The factors (−1)j(-1)^j are phase factors which you can simply neglect, because they have no physical significance.

Yes, after understanding that x = x' - L/2 will be the correct transformation, I tried it again and got everything correct except this $(-1)^{n/2}$. Now if you say that it carries no significance and can be neglected, I have arrived at the correct answer! Thank you!

 

[PeroK]

Yes, after understanding that x = x' - L/2 will be the correct transformation, I tried it again and got everything correct except this $(-1)^{n/2}$. Now if you say that it carries no significance and can be neglected, I have arrived at the correct answer! Thank you!

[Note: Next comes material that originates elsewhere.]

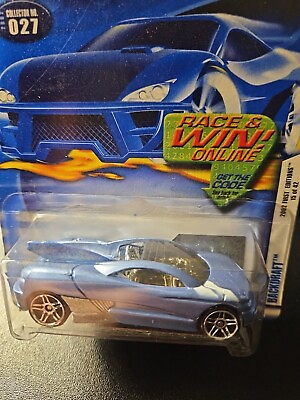 #ad NEW Hot Wheels 2002 First Editions 15 of 42 Backdraft 3 spoke 2002 Collector 027 $4.39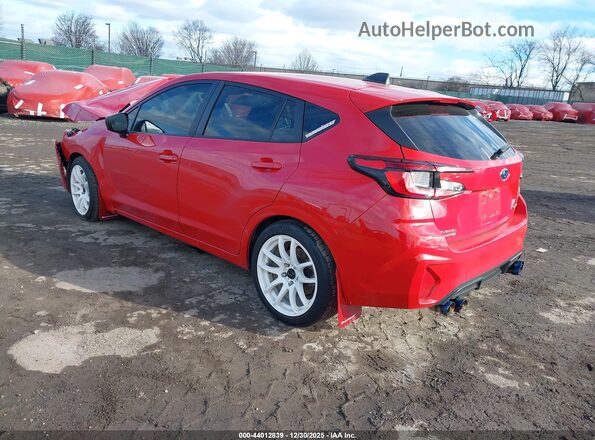 JF1GUABC9R8345905 2024 SUBARU IMPREZA Red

To explain this a bit more.

What you got was a specific case of:

$\psi(x') = \alpha_n \sqrt{\frac{L}{2}} \sin (\frac{n\pi x'}{L})$

Where $\alpha_n$ is a complex number of unit modulus (sometimes called the phase factor). In this case, you had $\alpha_n = \pm 1$, depending on $n$.

This is perfectly valid for a set of eigenfunctions. But, you are free to choose the phase factor to be simply $1$ in each case. Hence, you have the simplest set of solutions:

$\psi(x') = \sqrt{\frac{L}{2}} \sin (\frac{n\pi x'}{L})$:

Note that can always do the opposite as well, and add any phase factors you want. For example, we could take your original solution:

$\psi (x) =\begin{cases} \sqrt{ \frac{2}{L}}cos(n\pi x/L) & \text{if n is odd} \\ \sqrt{ \frac{2}{L}}sin(n\pi x/L) & \text{if n is even} \end{cases}$

And, we could replace this with an alternative, equally valid set of eigenfunctions:

$\psi (x) =\begin{cases} i\sqrt{ \frac{2}{L}}cos(n\pi x/L) & \text{if n is odd} \\ (e^{i\theta_n})\sqrt{ \frac{2}{L}}sin(n\pi x/L) & \text{if n is even} \end{cases}$

This has all the same properties as your original solution. The only different is that we've added a phase factor to every function.

This is an important point, because when you have a set of eigenfunctions it can be very useful to choose a phase factor in a particular way. Often that some arbitrary complex number is real.

In any case, the point to remember is that you did not find the only possible unique set of solutions. You found a set of solutions, unique only up to the phase factor. You are free, therefore, to simplify or complicate your solution by changing the phase factors any way you like.

 

[Nikhil]

Thanks to you guys I was having exactly same doubt.